“A marca é o último lugar no mundo em que se pode brincar!” foi uma das muitas frases ditas pelo Flavio Cordeiro em palestra na Vistage-Rio que me impactou.
Apesar de nunca ter sido um profissional da área de marketing as marcas sempre me fascinaram e ao mesmo tempo me intrigaram. Como elas surgem e como se sustentam ao longo dos anos? Seriam elas, assim como os nomes que os pais colocam nos filhos, resultado de uma escolha aleatória e que torna-se importante e valorizada por conta da qualidade dos serviços ou dos produtos “entregues” pela empresa que ela dá nome? Ou muito mais que um nome ela representa uma imagem, um sentimento, uma “identidade”? Se isso for verdade, qual o significado de um “reposicionamento de marca”?
Convidei o Flávio, para dar uma palestra para o grupo de empresários, sócios e CEO’s que tenho o prazer de coordenar pela Vistage no Rio de Janeiro e o tema e sua abordagem me encantaram. O que me motivou a convidá-lo para uma conversa no meu blog.
Flávio é um carioca, com mais de 25 anos dedicados à publicidade. É sócio e diretor de Estratégia da Binder Visão Estratégica. Na Binder coordena a estratégia de comunicação de marcas como GM, Adoçantes Linea, CEG, Governo do Estado do Rio de Janeiro, Ancar Shopping Center, Prefeitura da Cidade do Rio de Janeiro, Raspadinha do Rio e Rio de Prêmios entre outras marcas.
Cordeiro possui uma formação no mínimo incomum: formou-se em História pela UERJ, pós-graduou-se em Administração de Empresas pelo IBMEC e dedicou-se nos últimos anos, por conta deste assunto, a uma especialização em Psicologia Junguiana.

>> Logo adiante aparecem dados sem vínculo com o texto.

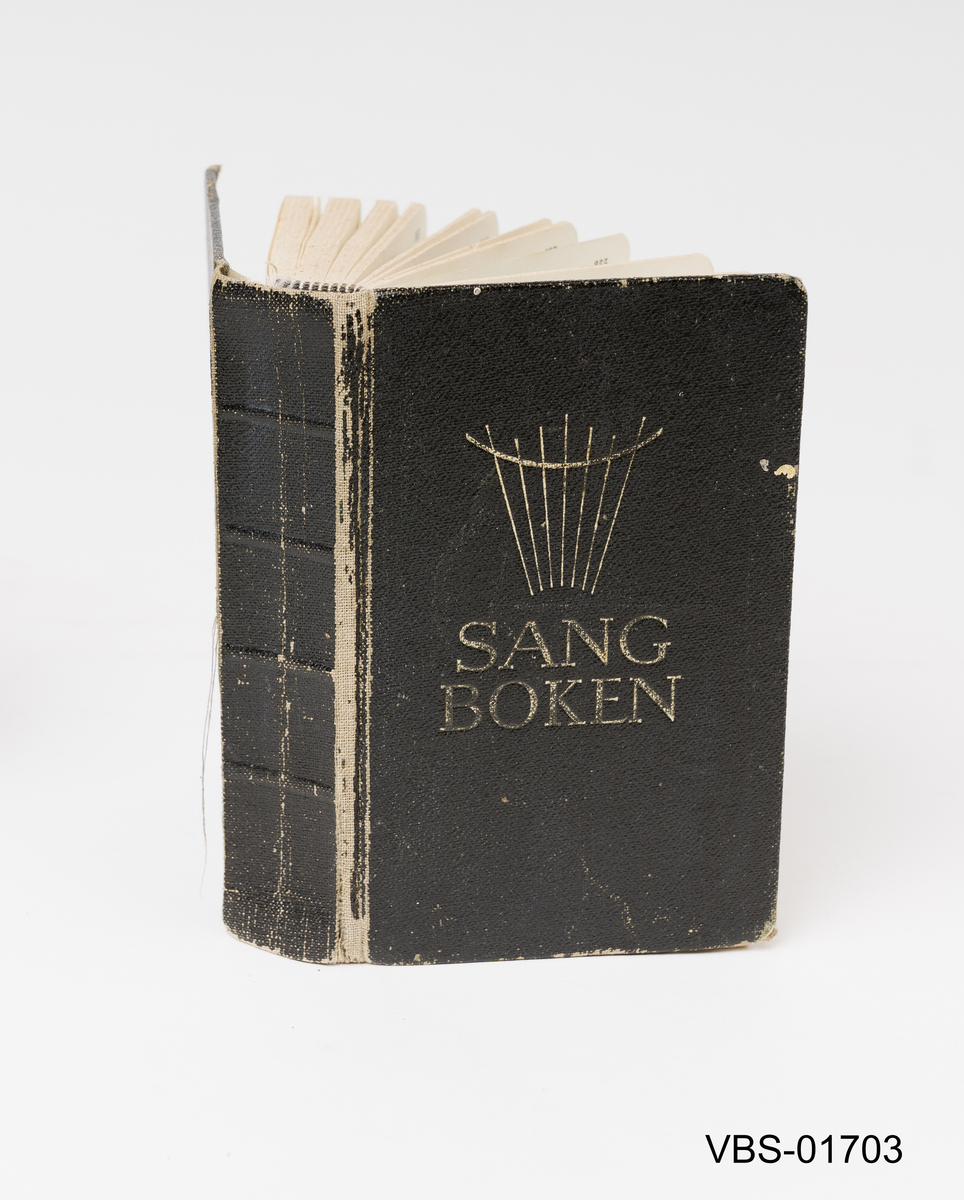 Ved navnet på boken som er trykket på forsiden SANG BOKEN, er det også trykket et motiv (et musikk/sang-tegn) I permene er det dekorert med små gull-kors.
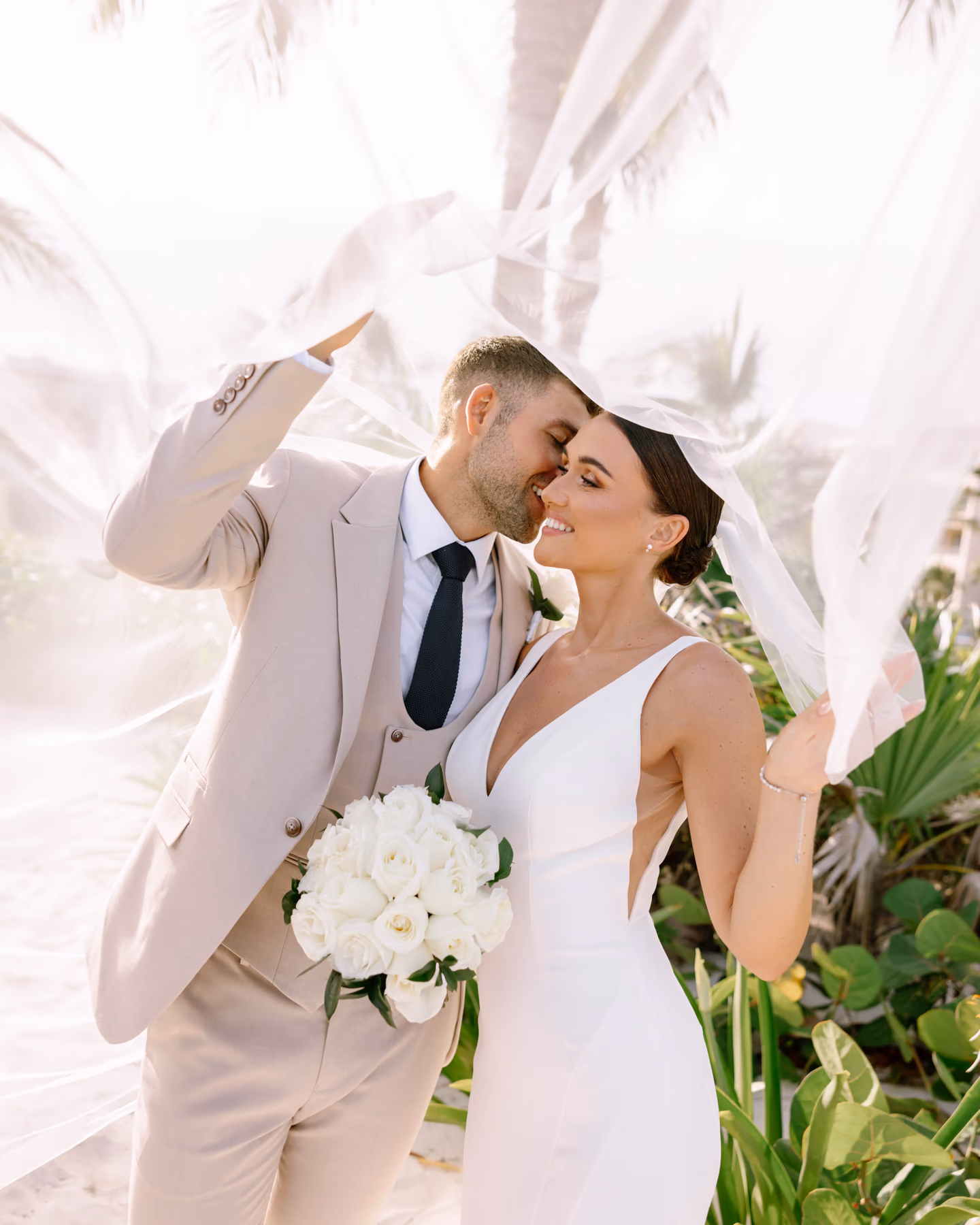 A couple laughing under a veil caught by the wind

Segundo ele essa amplitude de formação possibilitou a criação do Brand Motion, a metodologia de posicionamento de marcas baseada nos Arquétipos Junguianos, assunto ao qual Flávio tem se dedicado ao longo dos últimos dez anos de sua carreira.
Seu método busca criar identidades únicas de marca a partir da analogia com o próprio processo de formação de identidade do ser humano. Para Cordeiro, Identidade = consciência – inconsciência. Quanto maior o nível de inconsciência a repeito da marca, menores são as chances de uma identidade forte capaz de justificar um premim-price ou simplesmente a preferência.
Na entrevista, a seguir, vamos conhecer um pouco desta sua metodologia e também dos principais desafios que as marcas enfrentam no ambiente cada vez mais volátil dos dias atuais.
1 – CRM: Na sua opinião qual é o principal desafio do marketing contemporâneo?
Flávio: Dados do TGI (Target Group Index) nos mostram que passamos a viver num dia de 43 horas. Se somarmos o número de horas que gastamos com tecnologia, mídia, deslocamento, trabalho, sono, amigos e família, o número de horas médio chegará a 43 horas. Isso significa que a percepção de que o “tempo está acelerado” é real. Não é o tempo que acelerou, nós é que comprimimos o tempo ao desempenhar múltiplas atividades simultaneamente. A implicação disso para as marcas é seríssima: num dia de 43 horas as pessoas só concederão atenção para as marcas que as “recompensarem” de alguma forma. Entendo recompensa com algo muito especial: entretenimento, surpresa, informação de qualidade e sobretudo emoção.
2 – CRM: Então, tanto em termos de comunicação publicitária quanto nos demais pontos de contato com o consumidor a criatividade e a inovação continuam sendo as grandes soluções para capturar a atenção num dia de 43 horas?
Flávio: Depende. A inovação e a criatividade, independentemente de estarem atreladas a uma campanha publicitária ou a uma inovação de produto, devem ser antes de tudo pertinentes. Basta lembrar do exemplo da tentativa de mudança da logomarca da GAP, da tentativa de mudança do sabor da Coca-Cola ou da tentativa de mudança do nome Petrobras para Petrobrax – a inovação pela inovação não leva a nada, a diferenciação precisa ser pertinente, respeitar os códigos da marca. Grandes marcas são atalhos mentais.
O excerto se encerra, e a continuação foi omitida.